• PROBLEM DETAILS
Would you set down all of the entries below exactly as they stand?

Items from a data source

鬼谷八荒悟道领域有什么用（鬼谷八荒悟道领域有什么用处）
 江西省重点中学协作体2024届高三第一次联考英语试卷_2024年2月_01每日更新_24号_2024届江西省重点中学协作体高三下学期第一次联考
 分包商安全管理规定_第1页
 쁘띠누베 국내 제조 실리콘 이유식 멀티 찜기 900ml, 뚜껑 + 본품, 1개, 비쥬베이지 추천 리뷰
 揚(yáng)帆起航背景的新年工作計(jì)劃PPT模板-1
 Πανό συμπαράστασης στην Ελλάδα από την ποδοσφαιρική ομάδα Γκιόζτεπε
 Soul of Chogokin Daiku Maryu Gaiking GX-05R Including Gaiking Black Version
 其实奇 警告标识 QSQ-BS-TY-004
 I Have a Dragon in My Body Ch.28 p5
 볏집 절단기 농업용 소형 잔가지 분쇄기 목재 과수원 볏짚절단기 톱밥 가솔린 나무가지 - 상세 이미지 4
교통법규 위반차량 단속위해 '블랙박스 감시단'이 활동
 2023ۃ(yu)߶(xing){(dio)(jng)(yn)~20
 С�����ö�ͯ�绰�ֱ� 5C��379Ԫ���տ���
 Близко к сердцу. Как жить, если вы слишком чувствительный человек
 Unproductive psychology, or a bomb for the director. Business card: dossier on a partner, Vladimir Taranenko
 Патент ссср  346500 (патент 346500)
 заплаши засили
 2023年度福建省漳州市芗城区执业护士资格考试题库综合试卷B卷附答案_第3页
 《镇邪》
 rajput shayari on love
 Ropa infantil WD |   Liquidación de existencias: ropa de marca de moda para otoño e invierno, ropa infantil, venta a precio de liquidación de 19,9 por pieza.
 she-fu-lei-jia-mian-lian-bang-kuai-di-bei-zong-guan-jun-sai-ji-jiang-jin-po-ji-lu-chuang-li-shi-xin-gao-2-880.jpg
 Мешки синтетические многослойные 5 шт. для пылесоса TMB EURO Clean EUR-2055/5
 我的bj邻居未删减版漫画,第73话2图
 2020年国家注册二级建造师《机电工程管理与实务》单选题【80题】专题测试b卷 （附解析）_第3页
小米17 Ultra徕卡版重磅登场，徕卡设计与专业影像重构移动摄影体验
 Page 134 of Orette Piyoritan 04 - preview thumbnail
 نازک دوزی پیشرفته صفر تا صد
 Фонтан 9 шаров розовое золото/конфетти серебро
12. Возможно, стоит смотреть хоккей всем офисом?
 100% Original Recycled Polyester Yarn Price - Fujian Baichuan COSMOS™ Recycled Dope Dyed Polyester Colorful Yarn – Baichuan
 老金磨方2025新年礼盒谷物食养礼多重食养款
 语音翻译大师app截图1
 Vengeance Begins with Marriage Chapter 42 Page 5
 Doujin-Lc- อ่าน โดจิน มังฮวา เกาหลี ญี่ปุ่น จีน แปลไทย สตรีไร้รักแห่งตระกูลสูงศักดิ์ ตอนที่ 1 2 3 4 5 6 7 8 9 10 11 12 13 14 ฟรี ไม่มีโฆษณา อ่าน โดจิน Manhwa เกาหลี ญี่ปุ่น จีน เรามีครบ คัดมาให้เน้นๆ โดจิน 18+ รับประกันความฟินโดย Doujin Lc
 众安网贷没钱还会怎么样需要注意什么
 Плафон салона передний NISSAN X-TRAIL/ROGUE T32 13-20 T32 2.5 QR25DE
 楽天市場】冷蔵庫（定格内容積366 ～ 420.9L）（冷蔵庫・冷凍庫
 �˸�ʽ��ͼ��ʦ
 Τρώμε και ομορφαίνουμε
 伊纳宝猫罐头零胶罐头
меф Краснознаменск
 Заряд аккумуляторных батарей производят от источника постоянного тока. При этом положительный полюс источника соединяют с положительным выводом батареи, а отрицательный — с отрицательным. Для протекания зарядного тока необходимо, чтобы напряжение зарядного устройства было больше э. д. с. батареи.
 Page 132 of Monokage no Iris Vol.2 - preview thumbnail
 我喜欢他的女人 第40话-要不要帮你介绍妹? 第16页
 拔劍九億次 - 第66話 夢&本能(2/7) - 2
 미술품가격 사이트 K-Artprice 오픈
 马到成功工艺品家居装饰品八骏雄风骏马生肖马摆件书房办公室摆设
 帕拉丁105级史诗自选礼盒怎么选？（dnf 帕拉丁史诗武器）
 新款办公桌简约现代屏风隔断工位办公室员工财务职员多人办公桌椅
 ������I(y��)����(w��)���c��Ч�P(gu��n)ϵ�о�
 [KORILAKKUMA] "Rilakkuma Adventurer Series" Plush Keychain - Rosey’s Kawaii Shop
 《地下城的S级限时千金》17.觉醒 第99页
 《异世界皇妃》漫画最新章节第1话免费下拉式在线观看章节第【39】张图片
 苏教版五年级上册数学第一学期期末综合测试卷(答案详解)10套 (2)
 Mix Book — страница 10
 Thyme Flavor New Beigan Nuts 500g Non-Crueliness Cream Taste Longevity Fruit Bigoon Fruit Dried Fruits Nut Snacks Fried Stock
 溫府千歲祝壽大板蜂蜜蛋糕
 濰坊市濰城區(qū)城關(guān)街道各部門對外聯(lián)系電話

• SOLUTION FOR THIS EXERCISE
鬼谷八荒悟道领域有什么用（鬼谷八荒悟道领域有什么用处）
 江西省重点中学协作体2024届高三第一次联考英语试卷_2024年2月_01每日更新_24号_2024届江西省重点中学协作体高三下学期第一次联考
 分包商安全管理规定_第1页
 쁘띠누베 국내 제조 실리콘 이유식 멀티 찜기 900ml, 뚜껑 + 본품, 1개, 비쥬베이지 추천 리뷰
 揚(yáng)帆起航背景的新年工作計(jì)劃PPT模板-1
 Πανό συμπαράστασης στην Ελλάδα από την ποδοσφαιρική ομάδα Γκιόζτεπε
 Soul of Chogokin Daiku Maryu Gaiking GX-05R Including Gaiking Black Version
 其实奇 警告标识 QSQ-BS-TY-004
 I Have a Dragon in My Body Ch.28 p5
 볏집 절단기 농업용 소형 잔가지 분쇄기 목재 과수원 볏짚절단기 톱밥 가솔린 나무가지 - 상세 이미지 4
교통법규 위반차량 단속위해 '블랙박스 감시단'이 활동
 2023ۃ(yu)߶(xing){(dio)(jng)(yn)~20
 С�����ö�ͯ�绰�ֱ� 5C��379Ԫ���տ���
 Близко к сердцу. Как жить, если вы слишком чувствительный человек
 Unproductive psychology, or a bomb for the director. Business card: dossier on a partner, Vladimir Taranenko
 Патент ссср  346500 (патент 346500)
 заплаши засили
 2023年度福建省漳州市芗城区执业护士资格考试题库综合试卷B卷附答案_第3页
 《镇邪》
 rajput shayari on love
 Ropa infantil WD |   Liquidación de existencias: ropa de marca de moda para otoño e invierno, ropa infantil, venta a precio de liquidación de 19,9 por pieza.
 she-fu-lei-jia-mian-lian-bang-kuai-di-bei-zong-guan-jun-sai-ji-jiang-jin-po-ji-lu-chuang-li-shi-xin-gao-2-880.jpg
 Мешки синтетические многослойные 5 шт. для пылесоса TMB EURO Clean EUR-2055/5
 我的bj邻居未删减版漫画,第73话2图
 2020年国家注册二级建造师《机电工程管理与实务》单选题【80题】专题测试b卷 （附解析）_第3页
小米17 Ultra徕卡版重磅登场，徕卡设计与专业影像重构移动摄影体验
 Page 134 of Orette Piyoritan 04 - preview thumbnail
 نازک دوزی پیشرفته صفر تا صد
 Фонтан 9 шаров розовое золото/конфетти серебро
12. Возможно, стоит смотреть хоккей всем офисом?
 100% Original Recycled Polyester Yarn Price - Fujian Baichuan COSMOS™ Recycled Dope Dyed Polyester Colorful Yarn – Baichuan
 老金磨方2025新年礼盒谷物食养礼多重食养款
 语音翻译大师app截图1
 Vengeance Begins with Marriage Chapter 42 Page 5
 Doujin-Lc- อ่าน โดจิน มังฮวา เกาหลี ญี่ปุ่น จีน แปลไทย สตรีไร้รักแห่งตระกูลสูงศักดิ์ ตอนที่ 1 2 3 4 5 6 7 8 9 10 11 12 13 14 ฟรี ไม่มีโฆษณา อ่าน โดจิน Manhwa เกาหลี ญี่ปุ่น จีน เรามีครบ คัดมาให้เน้นๆ โดจิน 18+ รับประกันความฟินโดย Doujin Lc
 众安网贷没钱还会怎么样需要注意什么
 Плафон салона передний NISSAN X-TRAIL/ROGUE T32 13-20 T32 2.5 QR25DE
 楽天市場】冷蔵庫（定格内容積366 ～ 420.9L）（冷蔵庫・冷凍庫
 �˸�ʽ��ͼ��ʦ
 Τρώμε και ομορφαίνουμε
 伊纳宝猫罐头零胶罐头
меф Краснознаменск
 Заряд аккумуляторных батарей производят от источника постоянного тока. При этом положительный полюс источника соединяют с положительным выводом батареи, а отрицательный — с отрицательным. Для протекания зарядного тока необходимо, чтобы напряжение зарядного устройства было больше э. д. с. батареи.
 Page 132 of Monokage no Iris Vol.2 - preview thumbnail
 我喜欢他的女人 第40话-要不要帮你介绍妹? 第16页
 拔劍九億次 - 第66話 夢&本能(2/7) - 2
 미술품가격 사이트 K-Artprice 오픈
 马到成功工艺品家居装饰品八骏雄风骏马生肖马摆件书房办公室摆设
 帕拉丁105级史诗自选礼盒怎么选？（dnf 帕拉丁史诗武器）
 新款办公桌简约现代屏风隔断工位办公室员工财务职员多人办公桌椅
 ������I(y��)����(w��)���c��Ч�P(gu��n)ϵ�о�
 [KORILAKKUMA] "Rilakkuma Adventurer Series" Plush Keychain - Rosey’s Kawaii Shop
 《地下城的S级限时千金》17.觉醒 第99页
 《异世界皇妃》漫画最新章节第1话免费下拉式在线观看章节第【39】张图片
 苏教版五年级上册数学第一学期期末综合测试卷(答案详解)10套 (2)
 Mix Book — страница 10
 Thyme Flavor New Beigan Nuts 500g Non-Crueliness Cream Taste Longevity Fruit Bigoon Fruit Dried Fruits Nut Snacks Fried Stock
 溫府千歲祝壽大板蜂蜜蛋糕
 濰坊市濰城區(qū)城關(guān)街道各部門對外聯(lián)系電話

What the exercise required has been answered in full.